SACU issued the following release:
SACU Ministers have welcomed the UK’s undertaking to avoid disruption for its trading partners as it withdraws from the EU.
The UK reaffirmed its commitment to the trade arrangement under the current EU-Southern African Development Community (SADC) Economic Partnership Agreement (EPA) to maintain current market access to the UK following its withdrawal from the EU, [as well as] to ensure continuity of the effects of the EU-SADC EPA.
The Ministers met to discuss the trade relationship between the United Kingdom and the SACU countries post Brexit.
The agreement between the SADC EPA countries (Botswana, Lesotho, Namibia, Mozambique, South Africa and Swaziland) and the EU was signed on 10 June 2016 in Kasane, Botswana.

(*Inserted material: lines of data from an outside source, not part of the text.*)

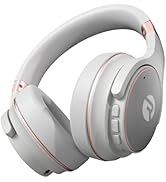 Raycon Everyday Wireless Bluetooth Over Ear Headphones, with Active Noise Cancelling, Awareness M...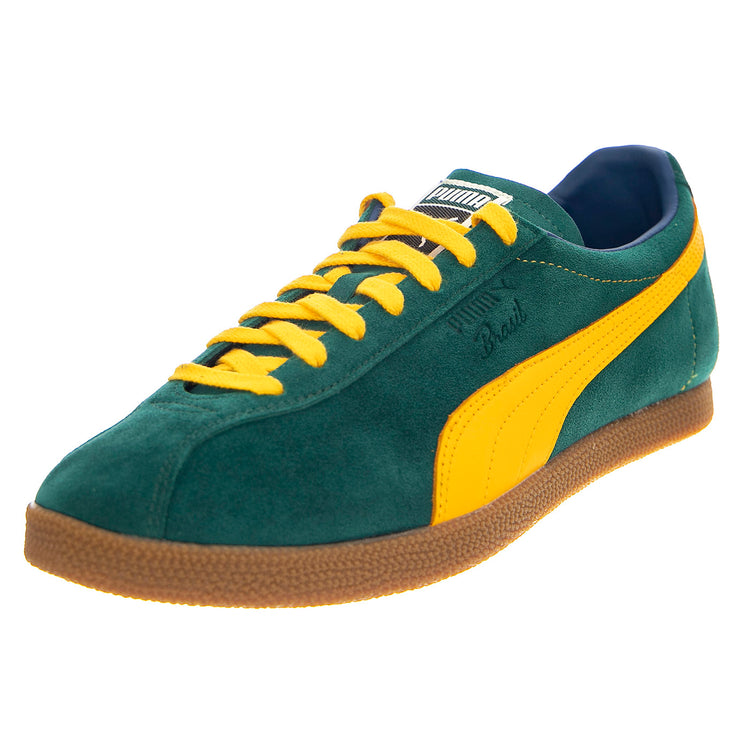 Brasil Dark Myrtle / Tangerine - Scarpe Uomo Multicolore 401048-01 . PUMA 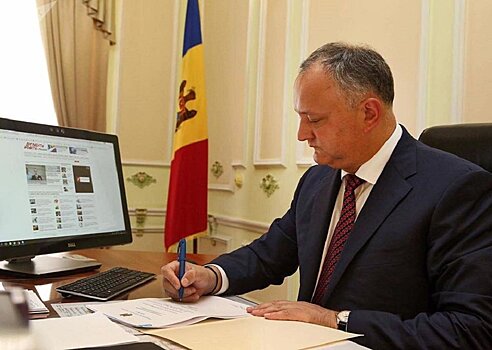 Президент Молдовы о том, когда в стране будет новый глава Минобороны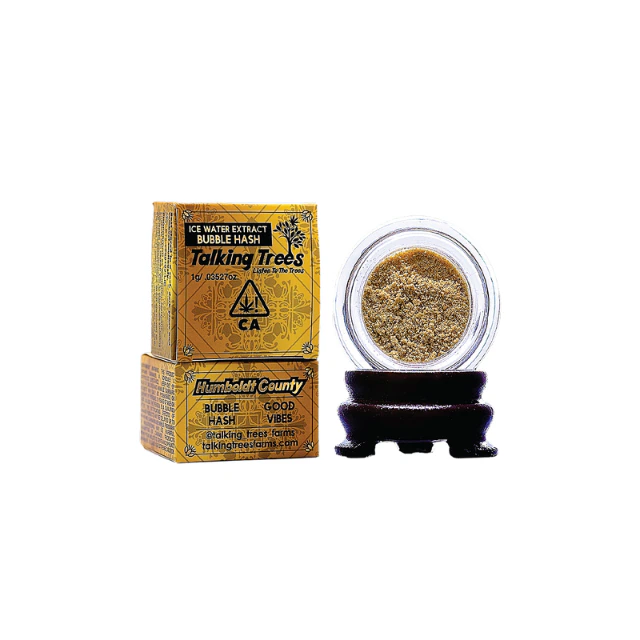 Talking trees - 1G- SLAPPIN LEMONADE- BUBBLE HASH Main Image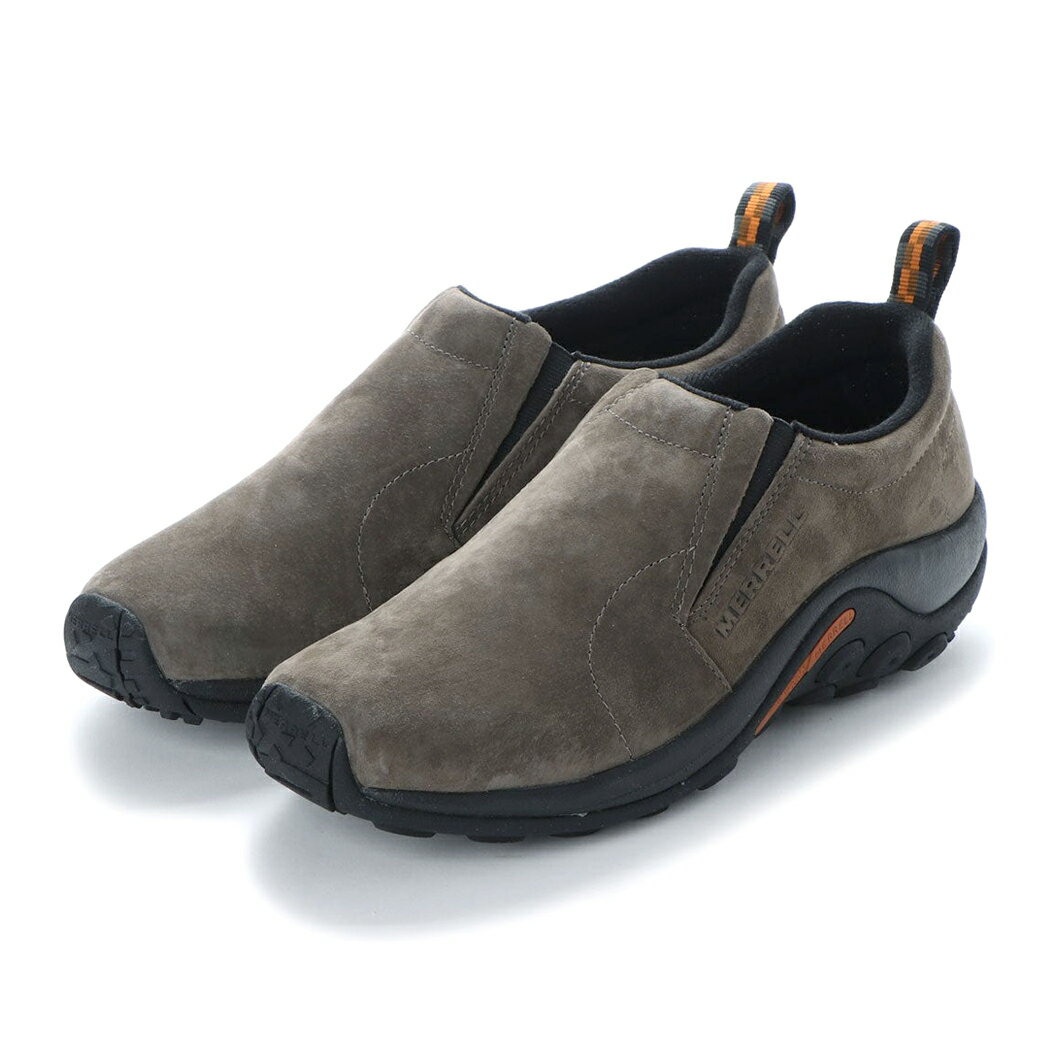 ＼P10倍／[クーポン＆P2倍！]【10%割引実施中！】MERRELL JUNGLE MOC GUNSMOKE メレル ジャングルモック シューズ スニーカー ( ガンスモーク 茶 ブラウンベージュ スエード メンズ 国内正規品 J60787 )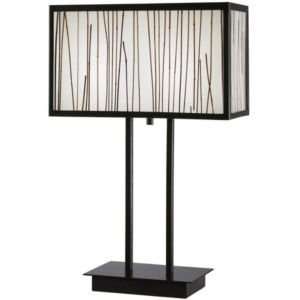  Robert Abbey, Inc. R146022 Dakari Table Lamp: Home 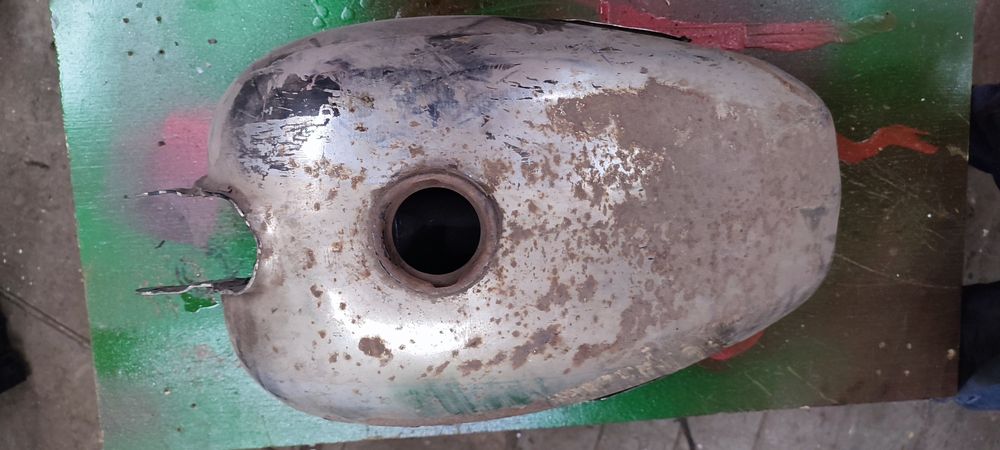 Бак Panonia на МТ Днепр.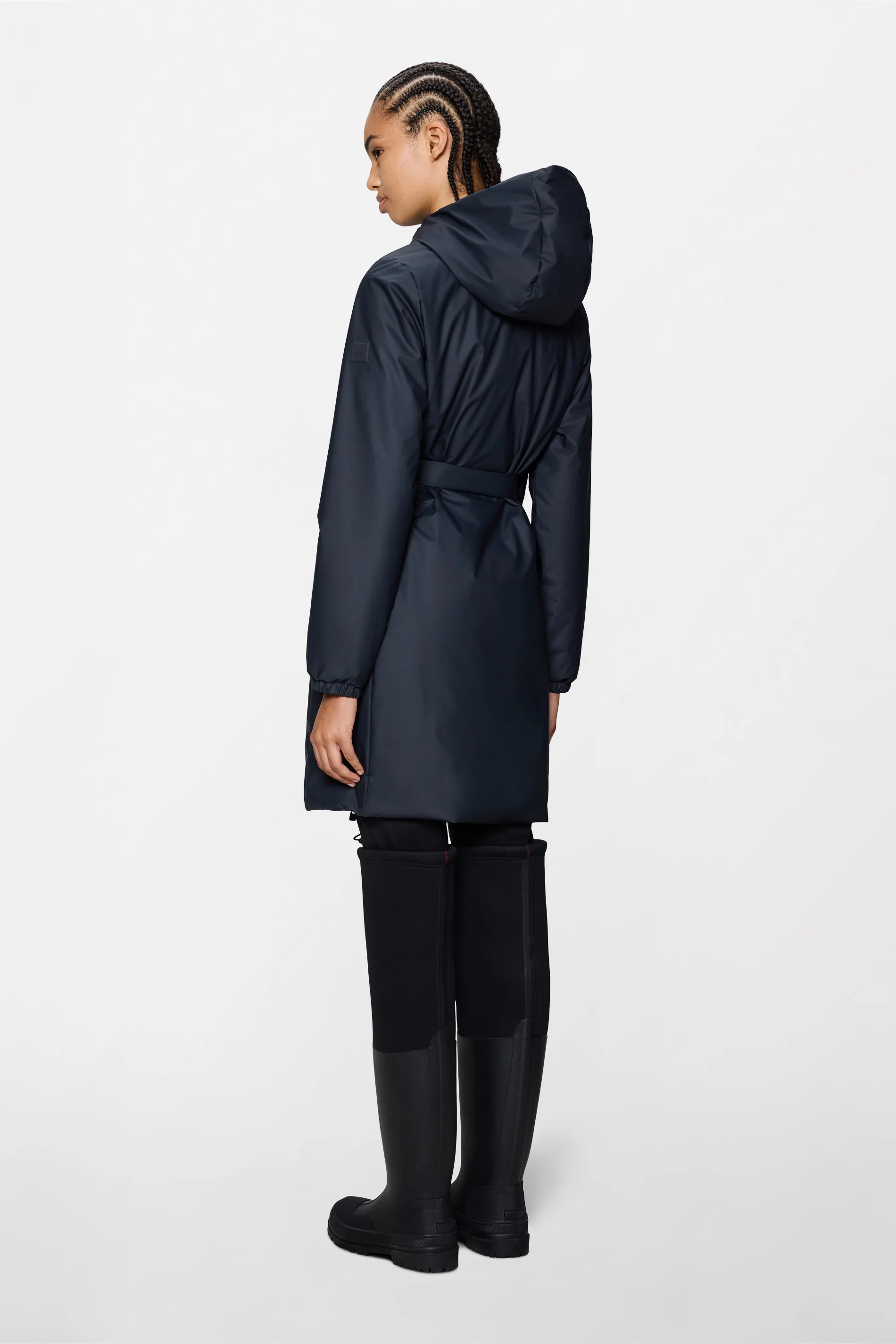Lohja Long Insulated Curve Jacket - Image 3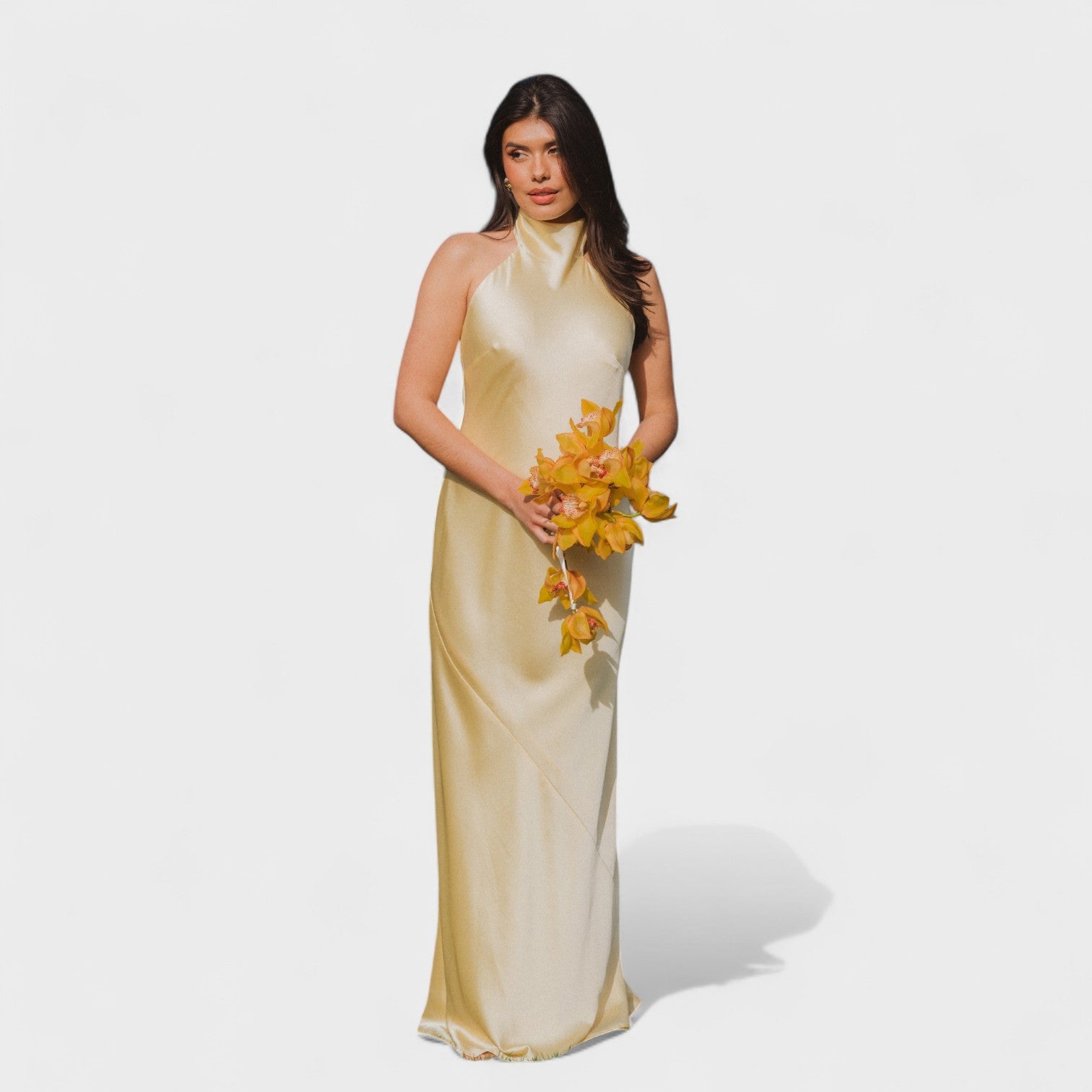 Amelia - rochie cu fundă de satin — imagine 6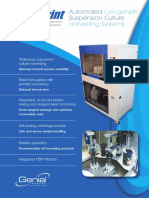 Automated Suspension Culture: Cytogenetic Harvesting Systems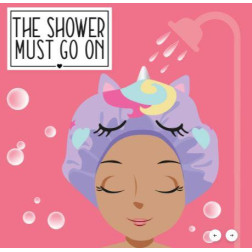 Charlotte de Douche Unicorn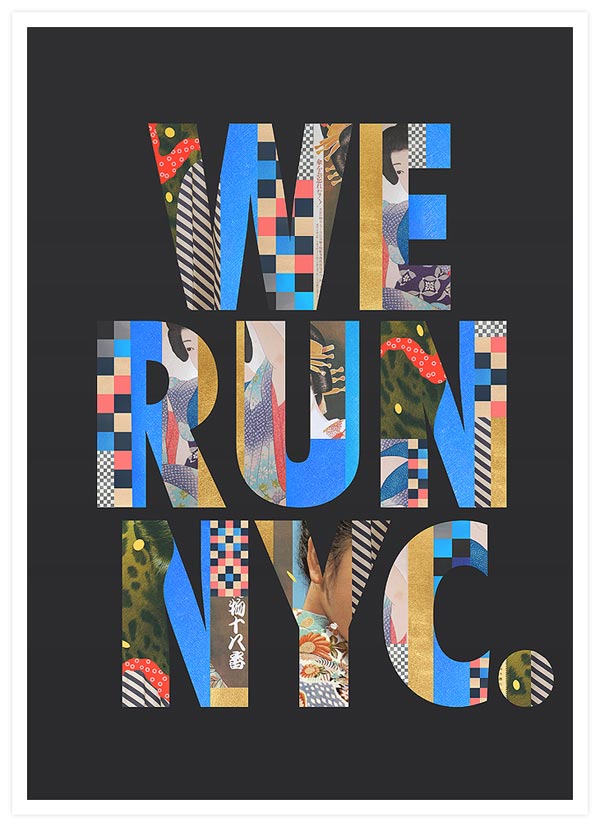 We Run NYC  - Mixed Media Pitch by Takeshi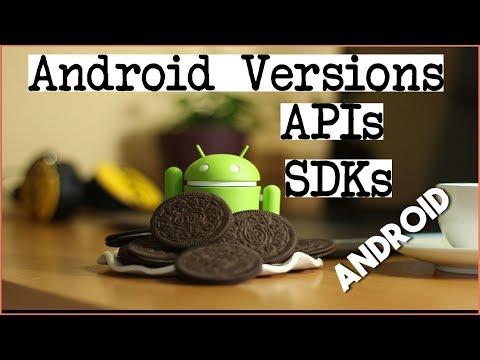 فيديو: ما هو إصدار API في Android؟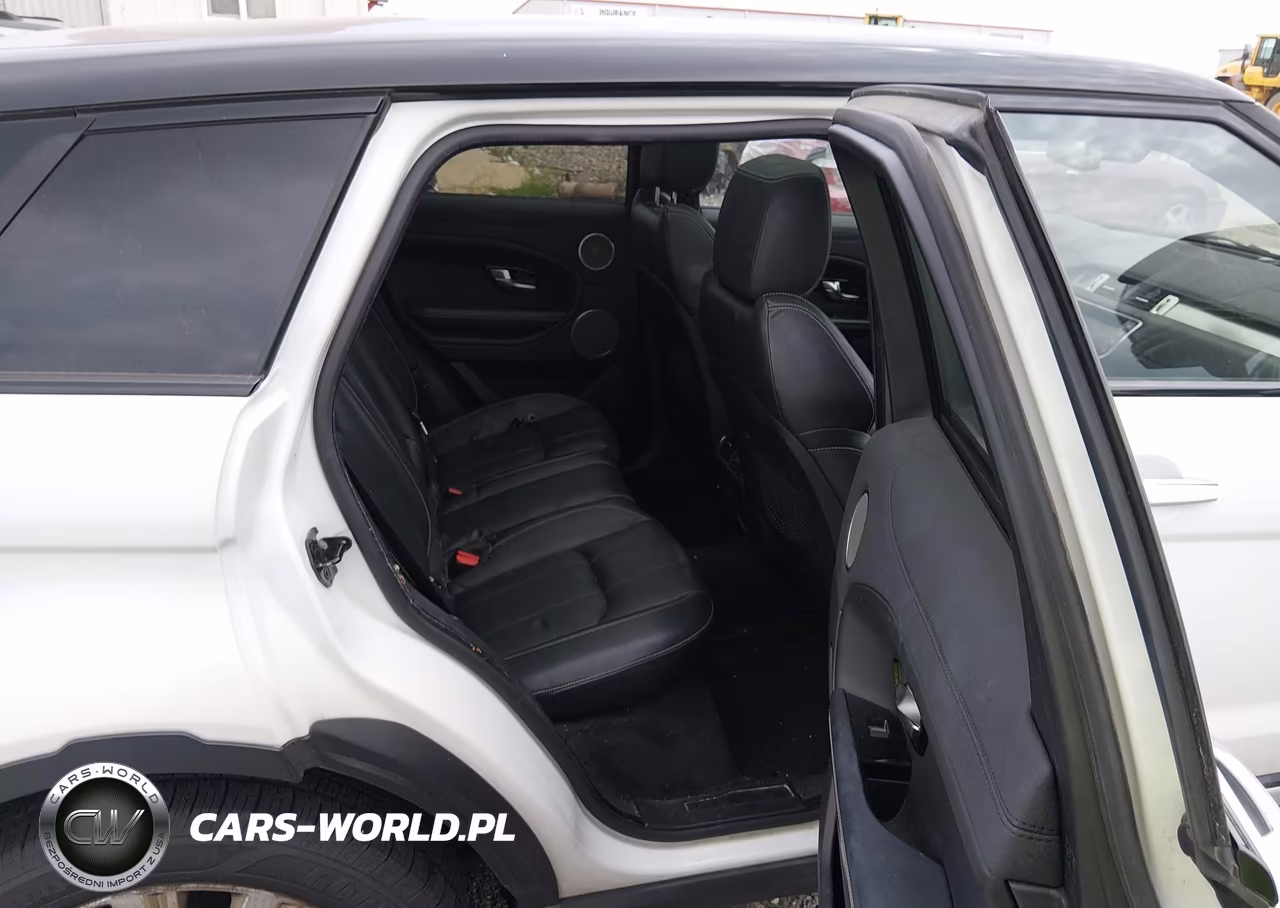 2016 Land Rover Range Rover Evoque Hse VIN:SALVR2BG4GH098858 - 8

The EU-SADC EPA (EU-SADC EPA) - under which the EU guarantees Botswana, Lesotho, Mozambique, Namibia, and Swaziland 100% free access to its market - provisionally entered into force between the SACU countries and the EU on 10 October 2016.
While the UK remains a member of the EU, the EU-SADC EPA will continue to apply to trade between the SADC EPA countries and the United Kingdom.
The two sides agreed to continue discussions to explore ways to ensure that the existing trade arrangement between the UK and SACU, currently governed by the EU-SADC EPA, will not be disrupted by the UK’s departure from the EU.
Talks are likely to focus on steps to agree an arrangement that replicates the effects of the EPA once the UK has left the EU. This would be a technical exercise to ensure continuity in the trading relationship, rather than an opportunity to renegotiate existing terms.
Given Mozambique’s participation in the SADC EPA, the Ministers have agreed to continue discussions on how best to work with that country in order to ensure continuity of the EPA for all partners.